THE PROBLEM -
Omit every picture, then give all the entries again exactly.

PROVIDED INFORMATION -
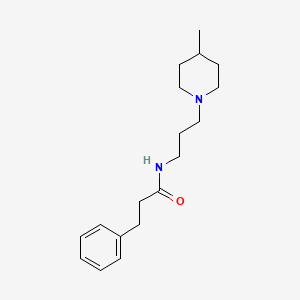 molecular formula C18H28N2O B4449346 N-[3-(4-methyl-1-piperidinyl)propyl]-3-phenylpropanamide 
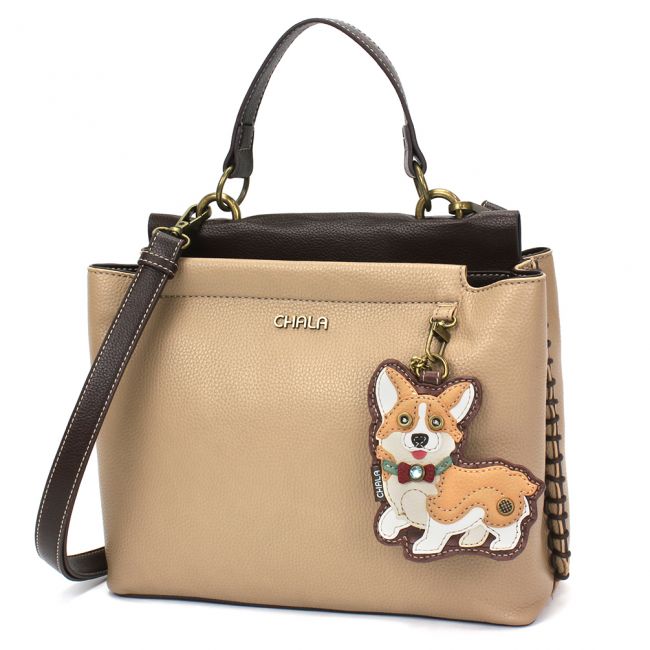 CHALA Corgi Charming Satchel Handbag Dog Lovers Purse
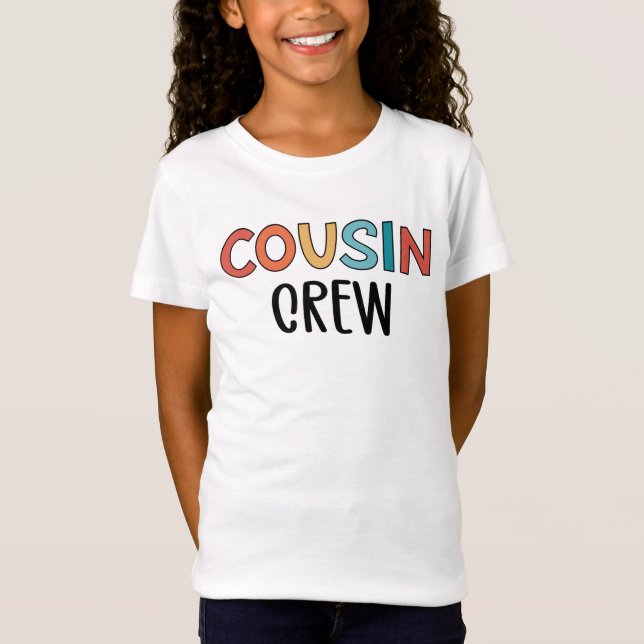 Kusin Crew Matching Retro Family Cousin Squad T Shirt (Framsida)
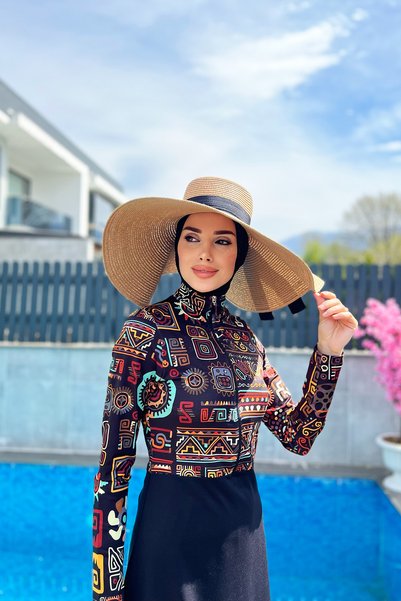 Zippered Lycra Fully Covered Hijab Swimsuit R076 Peru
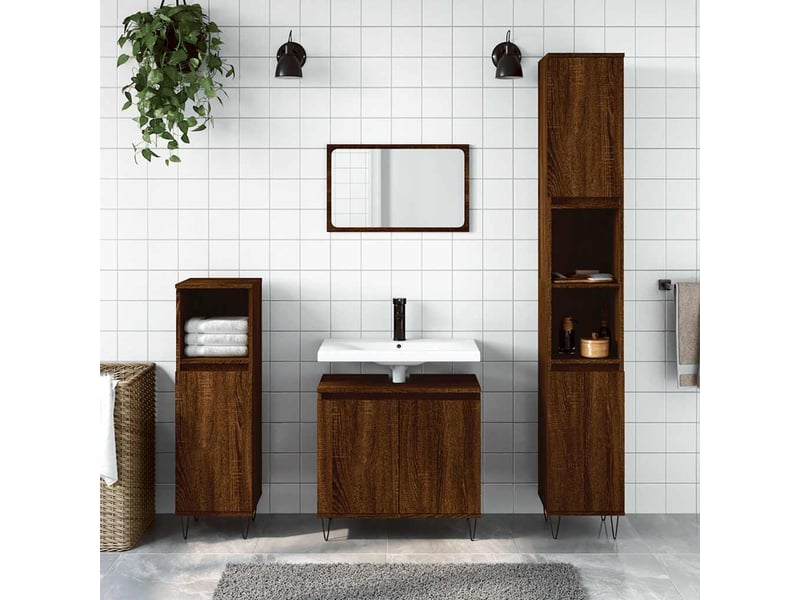  Amoire de salle de bain, meuble de rangement chêne marron 58x33x60 cm bois d'ingénierie  - Conforama B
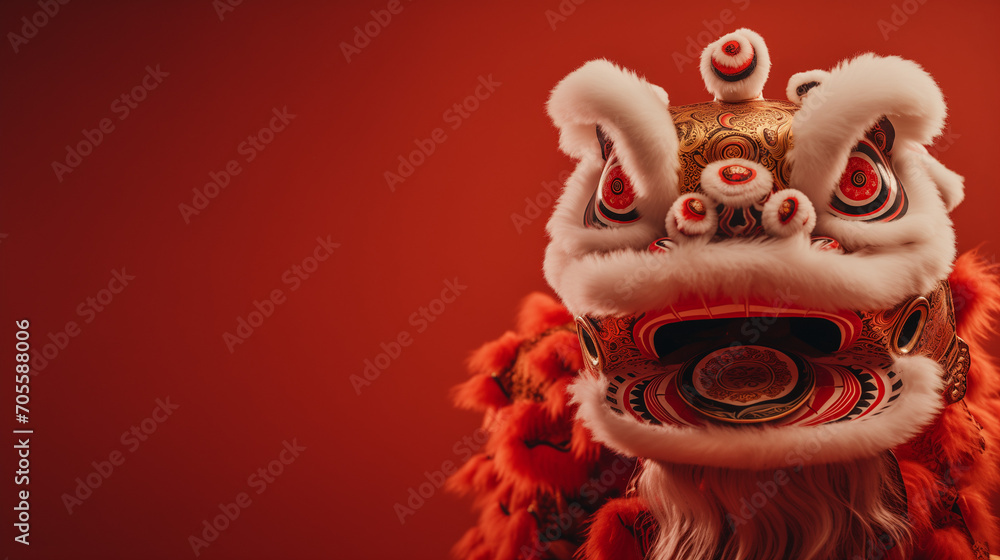 Lion dance on Chinese New Year Yellow-red-green lion on yellow-red-green background, isolated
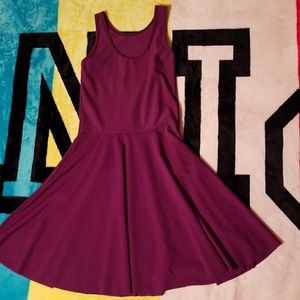 Purple nylon skater dress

RESPONSE TO THIS EXERCISE -
 molecular formula C18H28N2O B4449346 N-[3-(4-methyl-1-piperidinyl)propyl]-3-phenylpropanamide 
 CHALA Corgi Charming Satchel Handbag Dog Lovers Purse
 Kusin Crew Matching Retro Family Cousin Squad T Shirt (Framsida)
 Zippered Lycra Fully Covered Hijab Swimsuit R076 Peru
  Amoire de salle de bain, meuble de rangement chêne marron 58x33x60 cm bois d'ingénierie  - Conforama B
 Lion dance on Chinese New Year Yellow-red-green lion on yellow-red-green background, isolated
 Purple nylon skater dress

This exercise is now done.